On 11/28/2025 3:20 PM, David Goodwin via cctalk wrote:
On 29/11/2025 09:49, Doug McIntyre via cctalk wrote:
> On Sat, Nov 29, 2025 at 07:26:38AM +1100, Doug Jackson via cctalk wrote:
>> And even HP is a farce of a company now - a sad sad shell compared to what
>> they were.
>>
>> Who actually owns the software? Have we considered going to them and
>> asking? It worked for CP/M - which is now unencumbered.
I heard rumors of
such an effort going on for HPE OpenVMS VAX but I don't know what the progress is or
if it's still ongoing.
> It is owned by VMS Software Inc (VSI).
(
https://vmssoftware.com/)
No, VMS Software has a license from HPE, they do not own
the copyrights to OpenVMS.
It is highly unlikely that they will be willing to free old VAX versions of the VMS
software.
They apparently are doing well enough to be a viable company supporting existing VMS
installations.
They still even have Itanic & Alpha licenses available.
As well as Community Edition licenses, although those are only available on x86 now.
I'm not so sure VSI holds the copyright - I think that's still with HPE. VSI just
has the right to develop new releases and issue licenses for those alone.

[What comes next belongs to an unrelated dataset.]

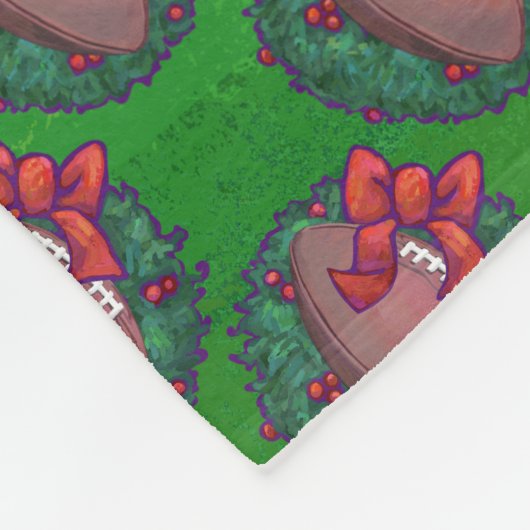 Football in kerstmis: groen fleece deken (Hoek)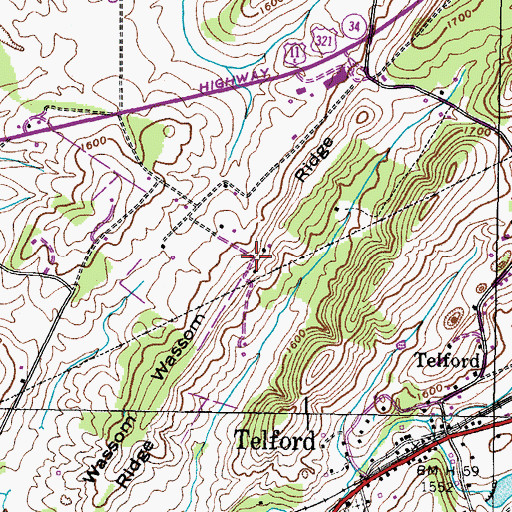 Topographic Map of Wassom Ridge, TN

This is correct. HPE still owns the copyright on OpenVMS (all versions except x86_64 -
I'm not sure how that is handled since only VSI wrote it). VSI has all the sources
for all versions - VAX/Alpha/Itanium from HPE. They are allowed to publish updated
versions of any platform version, but choose not to for VAX because they don't see a
viable business reason - i.e. they won't make money off of it. Even doing the minimum
to get a new VAX version would cost more in expenses that they feel they can make back
through sales.
Last I heard they're not allowed to issue licenses
for any releases produced by DEC/Compaq/HP which is why they're not selling VAX
licenses - they'd have to produce a new VSI-branded OpenVMS VAX release in order to do
that and it likely isn't worth the effort.
Exactly.
As for the VSI Community Edition - that effectively doesn't exist now. All
they're doing is what used to be called the Student Kit - a Virtual Machine with some
preinstalled licenses and software which expires one year after it was issued. You
don't get to choose what to install, or install anything extra.
Yes and no. You can install things if you have the kits. So mostly 3rd party software.
But if you were speaking of VSI supplied products (other than Open Source), yes that is
correct.
No updates, no separate license you can apply to your
existing VM to keep it going, just start over from scratch every year.
Technically, yes. While it probably violates the CLP (Community License Program)
Agreement, there is nothing that prevents you from starting up the new CLP VM, exporting
the license PAKs from it and putting them on your currently running VM. The con to this
is that they you miss the updates that were applied since the previous year. At some
point that might not be too bad, but currently, with updates happening every month to
compilers and other layered product it's a pain.
The other thing you can do is keep the system disk as pristine as possible and add a
second virtual disk with everything that you want to keep going from year to year -
account homes, software repositories, etc. Then just moving that disk over to the new one
when needed. You lose any customizations of the system disk, but you could write DCL
programs to make those modifications so they are transferable.